中央のロケットは、CGの後処理でなく、実際に何も無い空間に浮遊している。ロケットの上下に超音波スピーカーが敷き詰められていて、この音波によってモノを持ち上げることができる。この音響浮遊技術がまさにAcoustoFabのコア技術だ。なお音声ノイズはスマホのマイクが超音波を拾っているためであり、実際にはこのような音は聞こえない。

音響浮遊技術により物体の工作を行うことを意図して、社名に「Fab」を入れているという。まだ研究開発の段階で、最初のプロトタイプ製品がローンチするのは2024年末の予定だ。

バイオや製薬、材料などの業界で応用期待

ロボットアームなどを使う場合、マニピュレータなどの物理的な接触を避けることができず、それによりコンタミネーション(意図しない異物の混入)を招く恐れがある。

AcoustoFabの製品は、音響浮遊技術によりまったく物体に触れずに動かせるので、コンタミネーションの恐れなく、液体同士を「混ぜる」、「塗りつける」などの工作が可能。バイオや製薬、材料などの業界で応用が期待される。

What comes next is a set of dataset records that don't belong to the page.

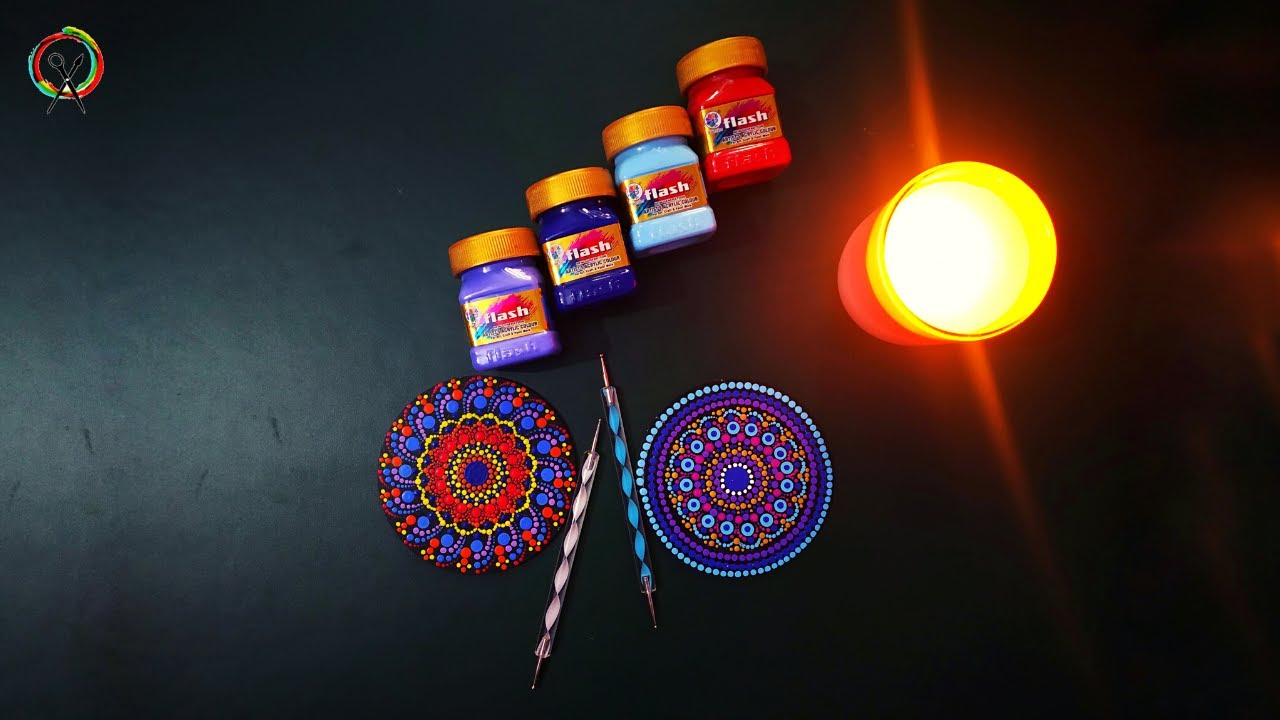 Easy Mandala Art on a MDF Coaster | DOT Painting DIY | Step by Step Tutorial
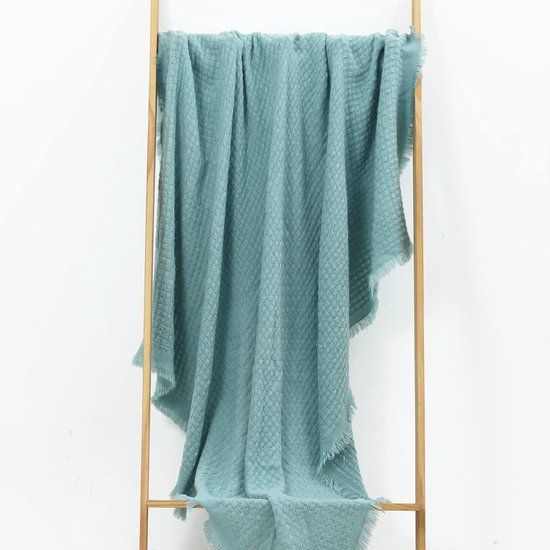 Gebreide deken voor bank fauteuil bed interieur zacht warm gezellig lichtgewicht lente zomer herfst 50x60 inch blauwgroen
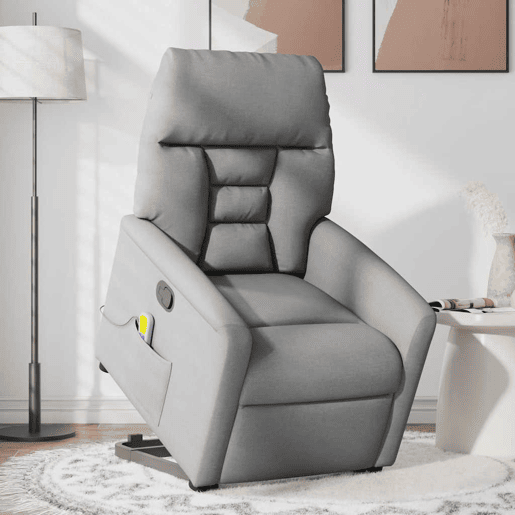 Poltrona reclinável massagens - Poltrona relax tecido cinzento-claro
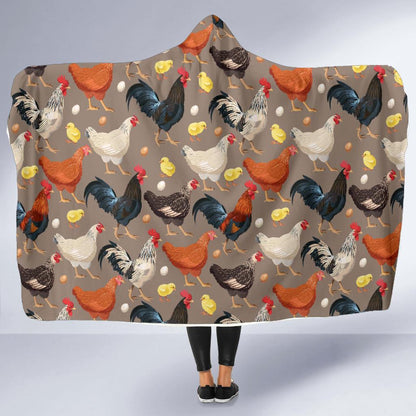 Chicken Evolution Pattern Hooded Blanket-JTAMIGO.COM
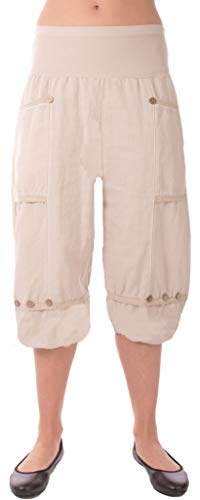 Eitex Damen große Größen Leinenhose 7/8 Caprihose Elegante 100% Leinen Übergröße Gr.34/36 bis Gr 50/52 mit Knopfapplikationen Shorts Kurze Hose leichte Sommerhose (beige, 38/40) von Eitex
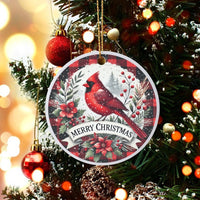 Bird Lover Ceramic Ornament, Red Cardinal Buffalo Plaid Christmas Ornament, Winter Wildlife Keepsake Ornament, Holiday Tree Decor Present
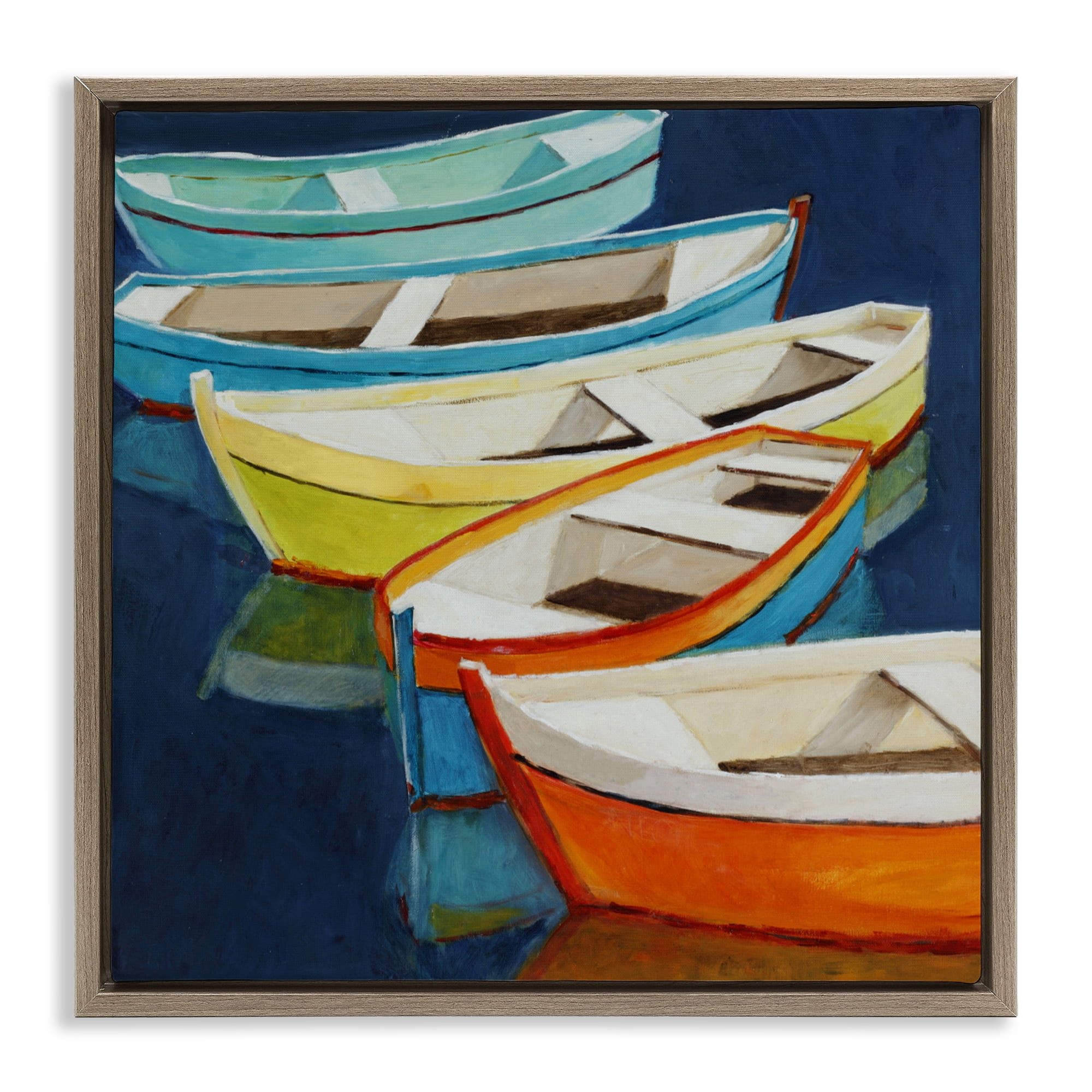 Stupell Industries Serene Rowboats in Summer Brown Framed Floater Canvas Wall Art, design by Lorenzo Collective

なお物体を動かせるのはスピーカーが敷き詰められた範囲のみで、動かすトルクも小さいが、これまでに存在しなかった新しい加工方法となりえる。AcoustoFabでは、薬品やバイオなどを想定した、シリンジ付きのものも開発中だ。

AcoustoFabは、技術デモを中心としたさまざまな研究に加え、実際の工作機械やサービスを提供することを想定している。必要なスピーカーを上下2方向(さらに上1方向だけ)に減らしたり、さらにより重いものを安定して浮かせるなど、多くの改良を加えている。